[Captioned web image data]
--- START ---
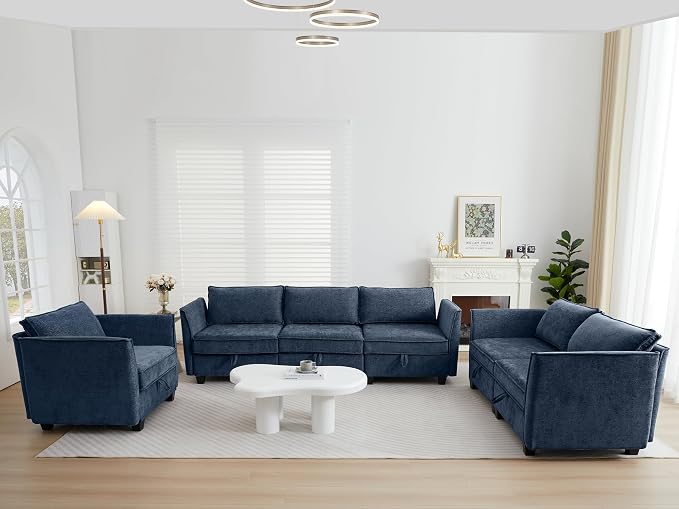 ORRD Oversized Modular Sectional Sofa Set, Convertible U Shaped Couch with Storage, 8 Seater Sofa Modular with Ottomans and Reversible Chaise for Living Room, Office (Blue Grey)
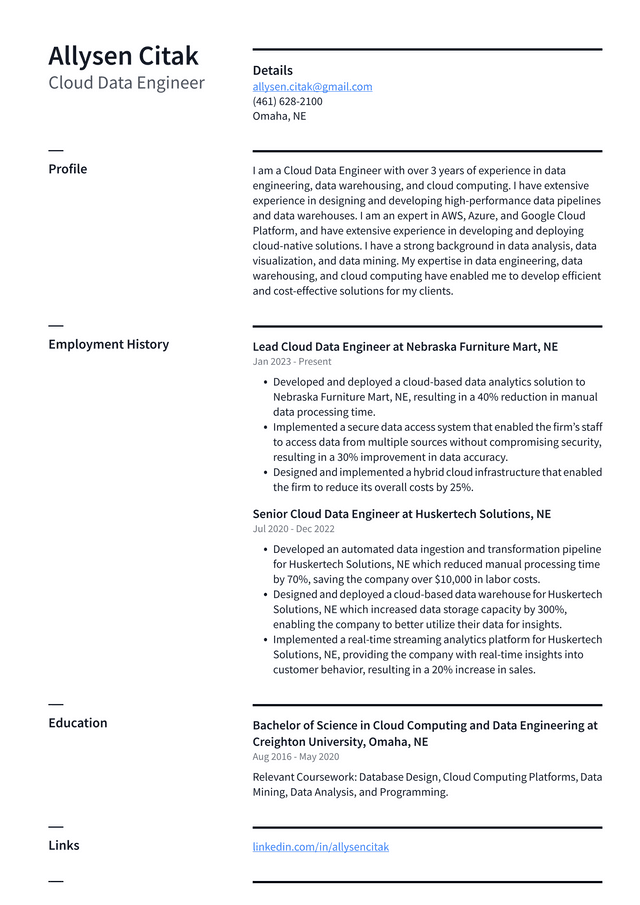 Netflix Cloud Data Engineer Resume Example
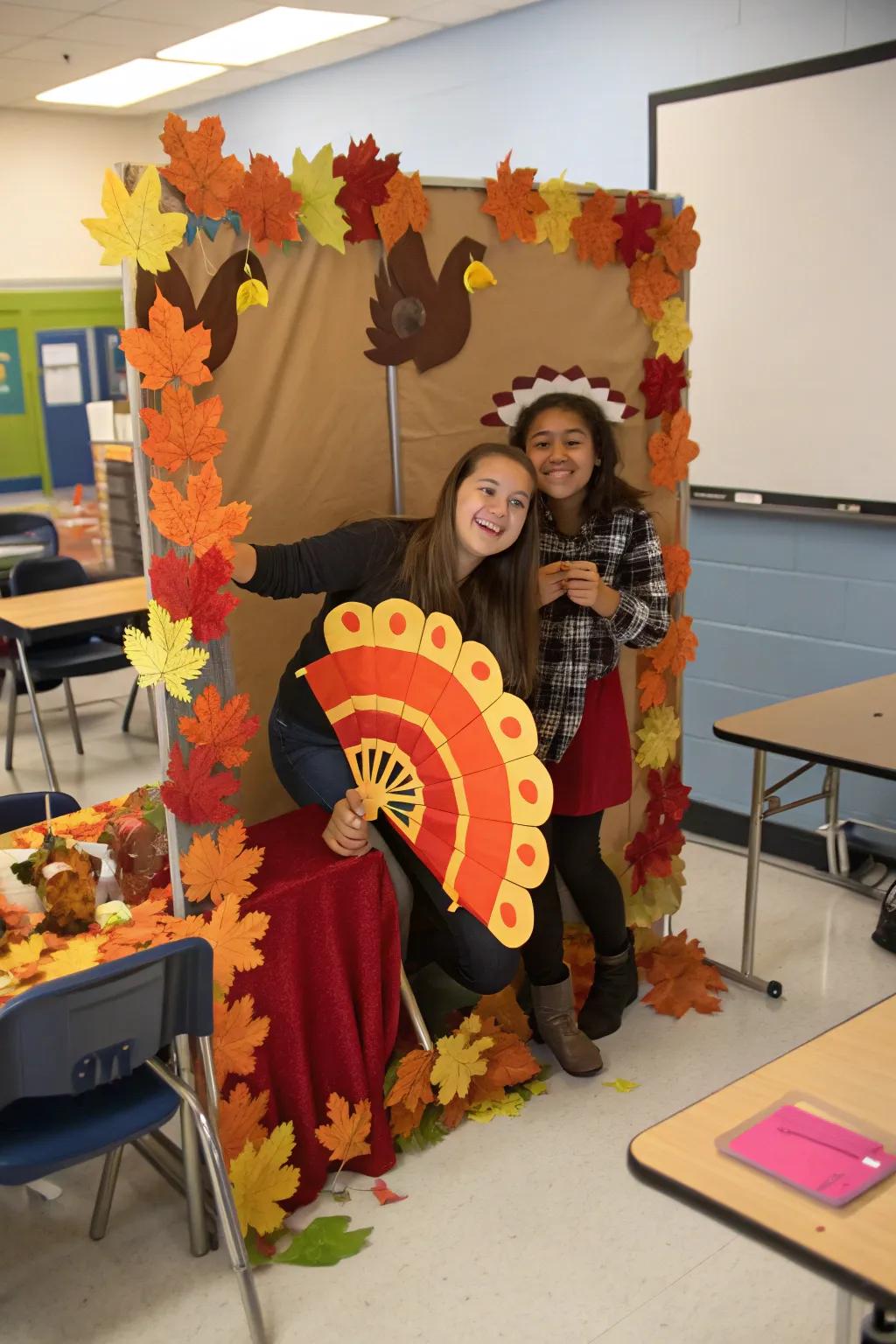 A Thanksgiving photo booth ready for capturing festive moments.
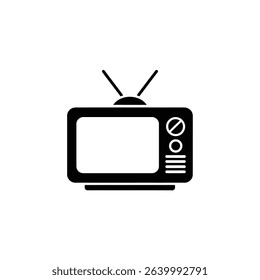 Isolated black and white vector illustration of a retro-style television. The TV features antenna, a screen, a knob, and speaker vents. Vintage media design.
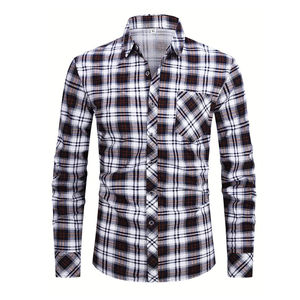 Mens Long Sleeve Flannel Shirt Luxury Winter Wear Men Flannel Shirt <b>Wool</b> Cotton Soft Comfortable - Product Image 1
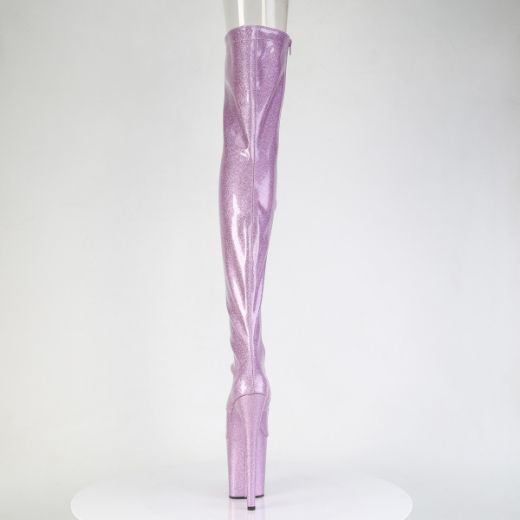 Product image of Pleaser FLAMINGO-3021GP Lilac Glitter Pat/M 8 Inch Heel 4 Inch PF Peep Toe Lace-Up Thigh Boot Side Zip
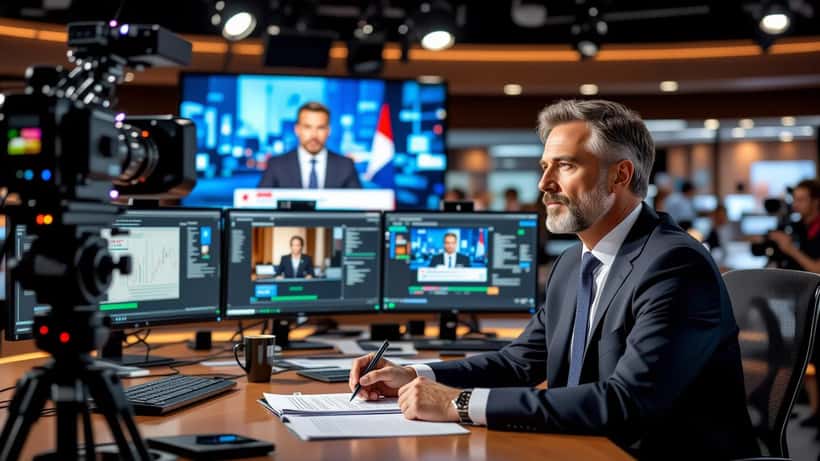 Journaliste présentateur devant un bureau de plateau télévisé avec des documents contractuels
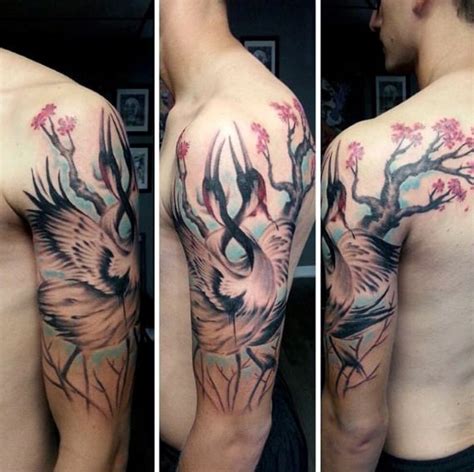 This image frames written symbols with the tree bending up above and the roots spreading out below them. 100 Cherry Blossom Tattoo Designs For Men - Floral Ink Ideas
--- END ---
:: Problem details ::
Could you write out exactly the lines running from the one with "Product image of" through the last line of the data above, both ends kept, and omit any picture?

:: Output of the exercise ::
 Product image of Pleaser FLAMINGO-3021GP Lilac Glitter Pat/M 8 Inch Heel 4 Inch PF Peep Toe Lace-Up Thigh Boot Side Zip
 Journaliste présentateur devant un bureau de plateau télévisé avec des documents contractuels
 This image frames written symbols with the tree bending up above and the roots spreading out below them. 100 Cherry Blossom Tattoo Designs For Men - Floral Ink Ideas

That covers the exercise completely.